(Beginning of TASK INPUT)

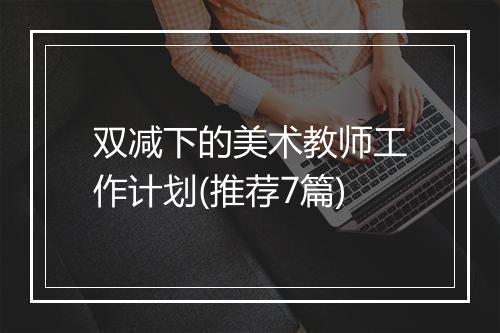 双减下的美术教师工作计划(推荐7篇)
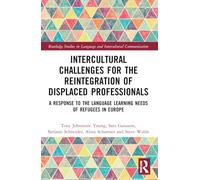 Intercultural Challenges for the Reintegration of Displaced Professionals: A Response to the Language Learning Needs of Refugees in Europe (Routledge ... in Language and Intercultural Communication)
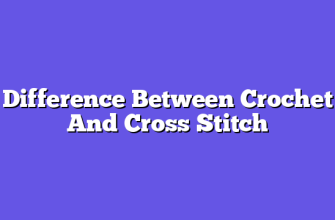 Difference Between Crochet And Cross Stitch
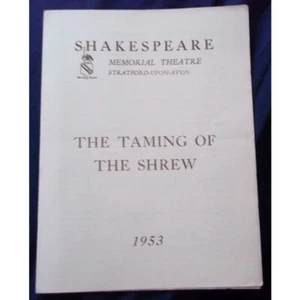 Shakespeare Memorial Theatre - The Taming of the Shrew - 1953 Theatre Programme - Picture 1 of 3
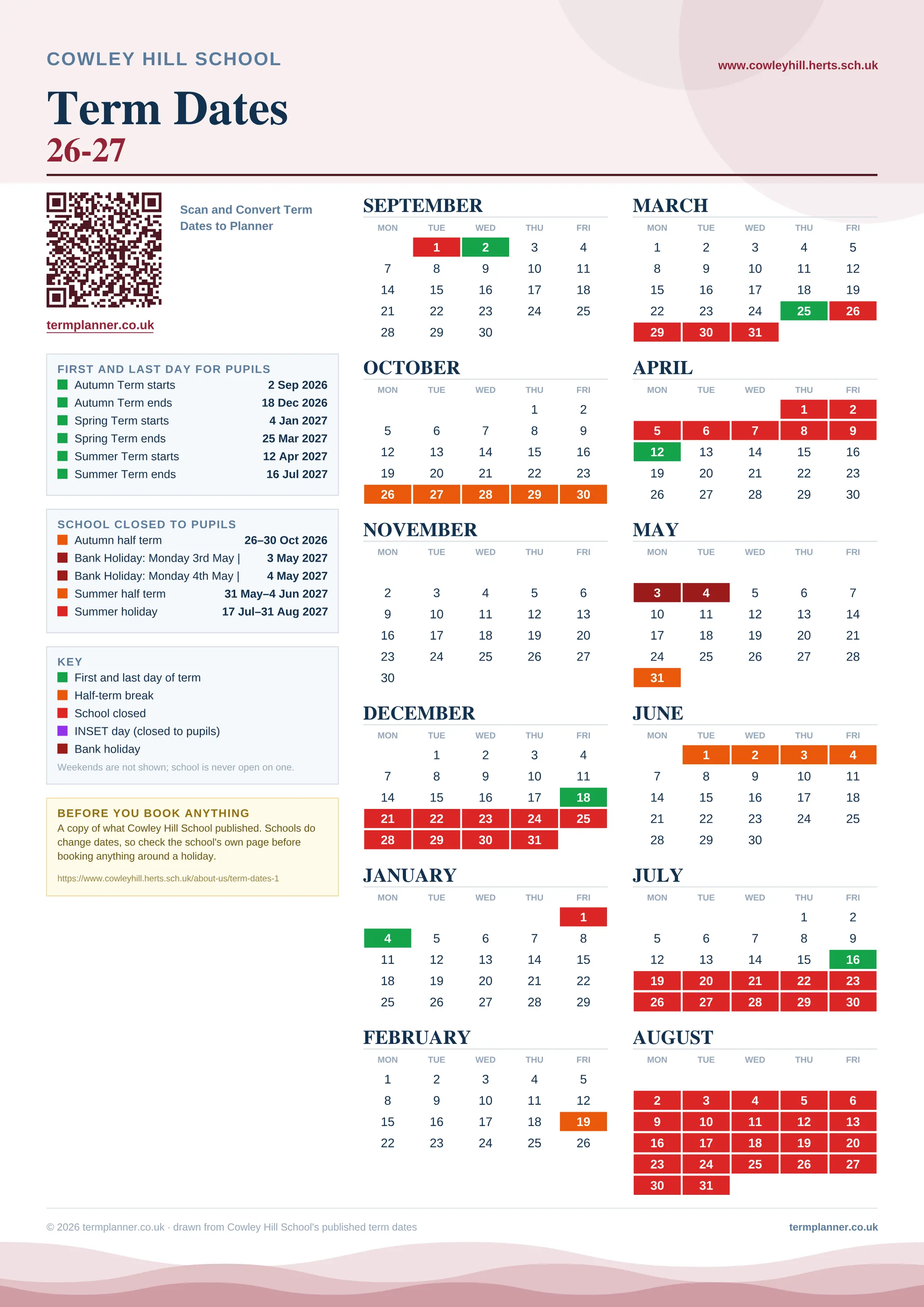 Cowley Hill School’s 2026/27 school year drawn as one sheet: twelve month grids from September to August, Monday to Friday, with autumn term 2 September to 18 December 2026, spring term 4 January to 25 March 2027, summer term 12 April to 16 July 2027. Half terms, holidays and bank holidays are filled in colour, the first and last day of each term is marked, and every date is listed again in words down the left.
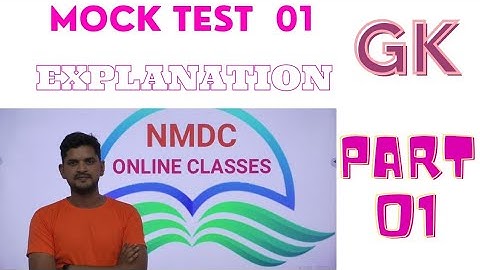 NMDC FULL MOCK TEST 01 GK, NMDC EXAM , NMDC ONLINE CLASSES ,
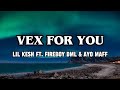 Lil Kesh ft. Fireboy DML & Ayo Maff - Vex For You (Lyrics Video)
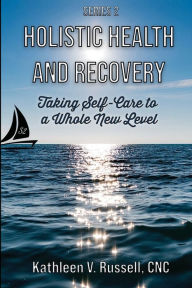 Title: SERIES 2 Holistic Health and Recovery: Taking Self-Care to a Whole New Level, Author: Kathleen V. Russell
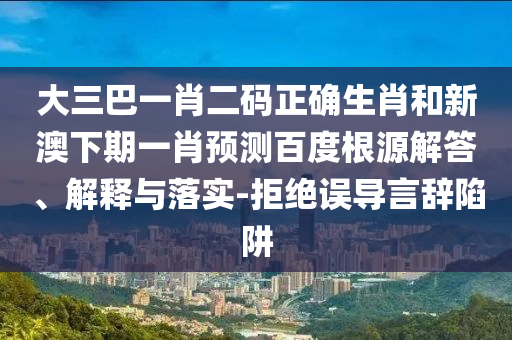大三巴一肖二码正确生肖和新澳下期一肖预测百度根源解答、解释与落实-拒绝误导言辞陷阱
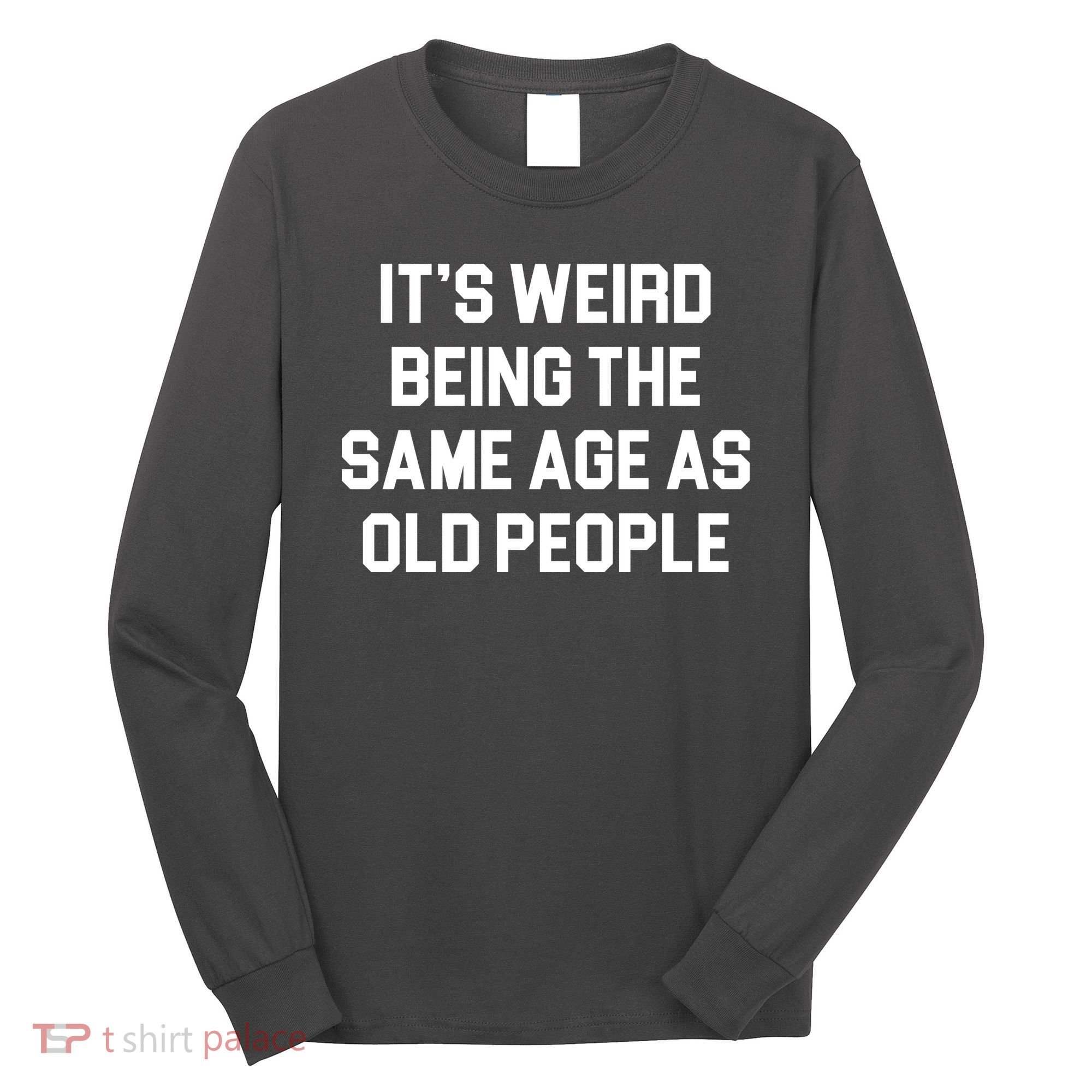 It's Weird Being The Same Age As Old People Long Sleeve Shirt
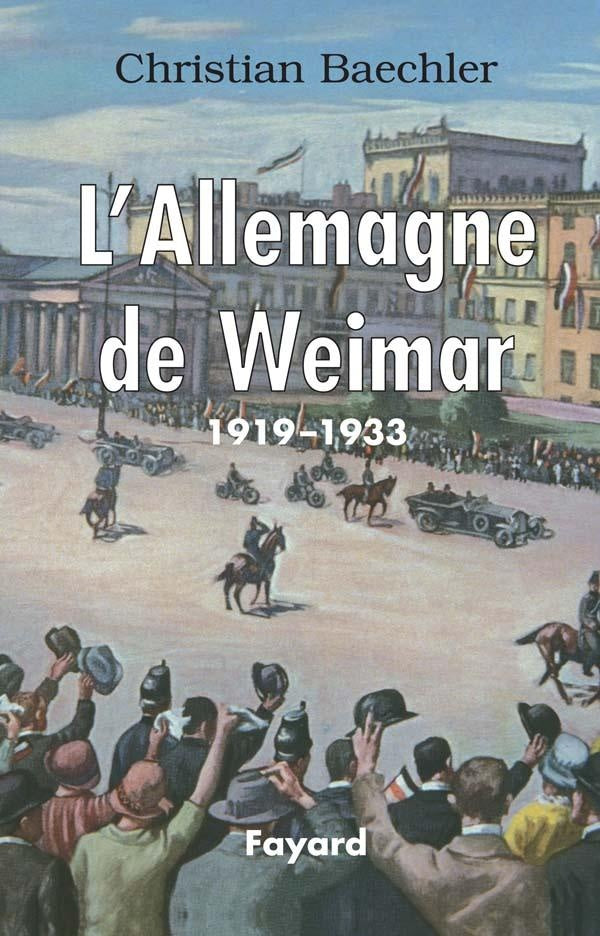 L'Allemagne de Weimar (1919-1933)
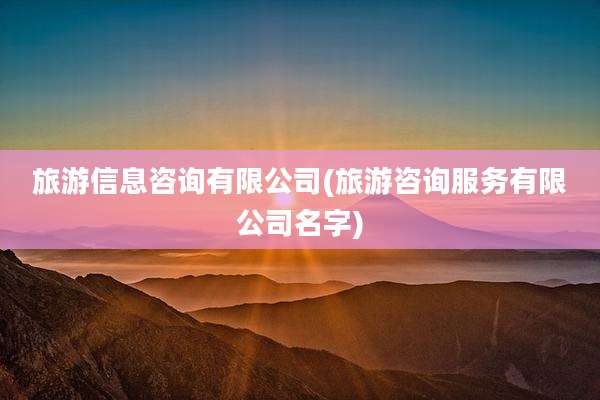 旅游信息咨询有限公司(旅游咨询服务有限公司名字)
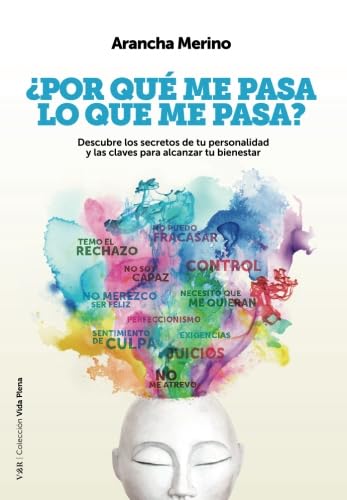 Libro: ¿Por qué me pasa lo que me pasa?: Descubre los secretos de tu personalidad y las claves para alcanzar tu bienestar (Vida Plena)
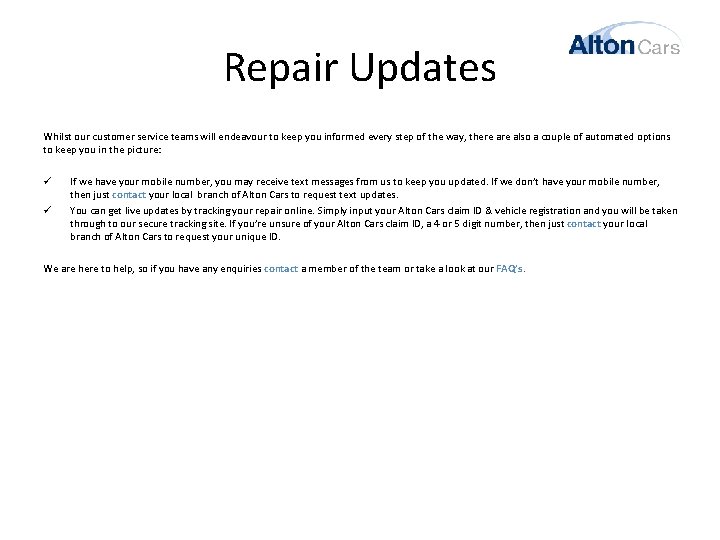 Repair Updates Whilst our customer service teams will endeavour to keep you informed every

(End of TASK INPUT)

WHAT YOU HAVE TO DO
Each line from the line containing "Libro: ¿Por qué" through the final line of the data above must be retyped exactly; nothing else, and no pictures, may appear.

ANSWER BOX
 Libro: ¿Por qué me pasa lo que me pasa?: Descubre los secretos de tu personalidad y las claves para alcanzar tu bienestar (Vida Plena)
 Repair Updates Whilst our customer service teams will endeavour to keep you informed every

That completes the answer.